Like many things in life, corruption can be a double-edged sword. Of course it’s bad... it has crippled economies and is responsible for keeping millions of people impoverished... but in Indonesia, where it’s web touches almost every aspect of life, when you realise that, at the lowest level, it’s a necessary supplement to a very, very poor wage, if managed with mutual respect it can be - well - rather sweet.

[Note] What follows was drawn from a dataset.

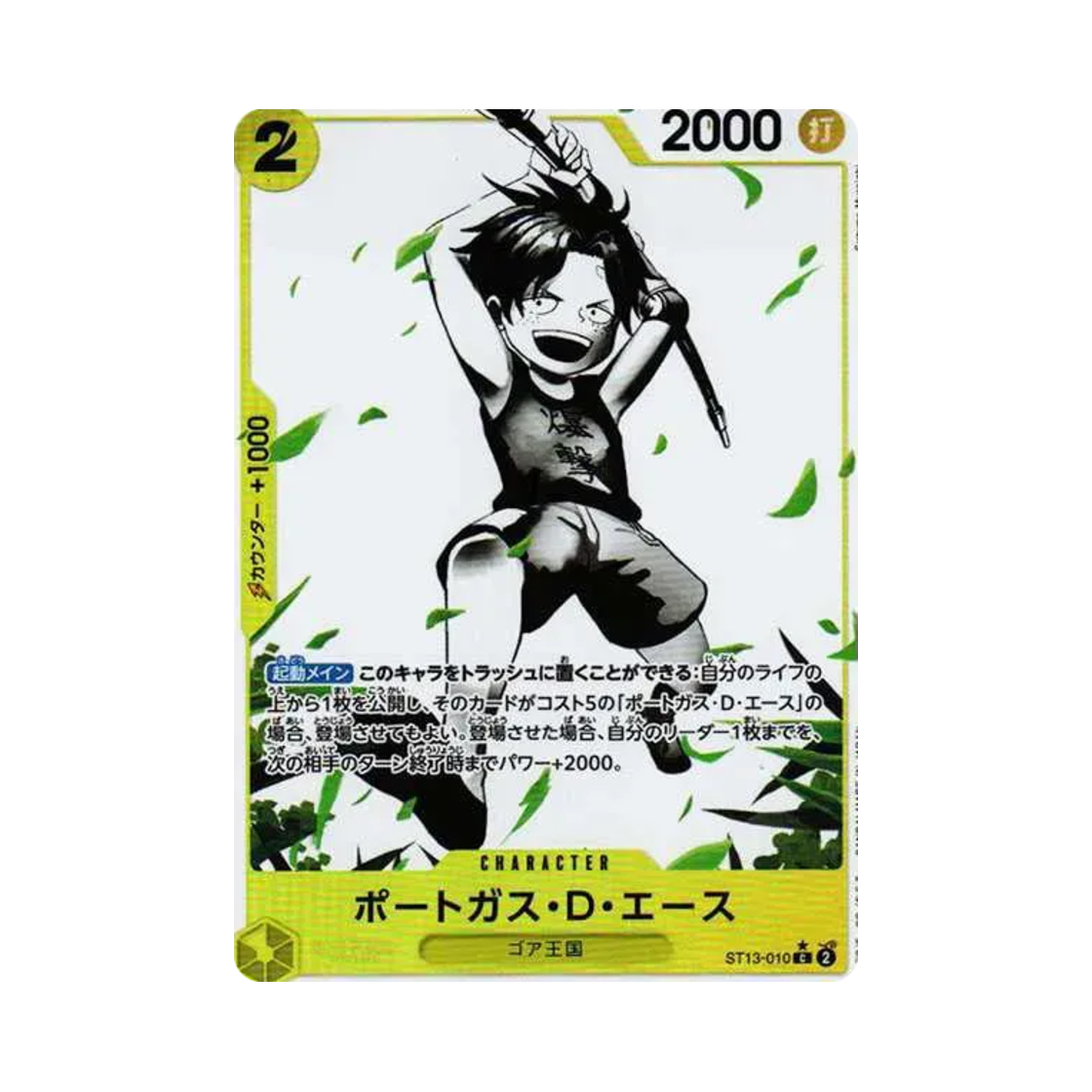 원피스 TCG 포트거스 D. 에이스 C-P ST13-010 얼티밋 덱 3형제의 유대 보너스 팩 (일어판)(One Piece TCG Portgas D. Ace C-P ST13-010 Ultra Deck The Three Brothers Bonus Pack (Japanese Ver.)) - 1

A few years ago when I was driving one of my friend’s kids home after a play date with my daughter (the girls were about 4 years old at the time) I ran a red light. Now, for anyone not familiar with driving in Bali, this is very common and almost compulsory when you have a big bus tooting and practically pushing you up the rear. 99% of the time when I do it, I get away with it, but on this occasion I was unlucky, and, forced to stop in the middle of the road having had my exit cut off by turning traffic, it was obvious to any onlooker I’d done something wrong. Then, after several excruciating minutes ignoring the horns and trying to look invisible, when a policeman strolled out of his hut a few meters up the road, I knew I was in trouble.
What made me put my foot down when the light changed I’m not sure. Perhaps it was because the girls were tired and hungry after a long day playing in the pool and I didn’t want to keep them a moment longer than necessary from the supper I knew my friend had waiting for them. Or perhaps it was the glass of chilled Sav Blanc I knew she had waiting for me. All I do know is that, a couple of kilometers down the road, when I came to another red light I should have slipped through the petrol station on the corner, done a quick right at the green light and continued on my way. But I didn’t.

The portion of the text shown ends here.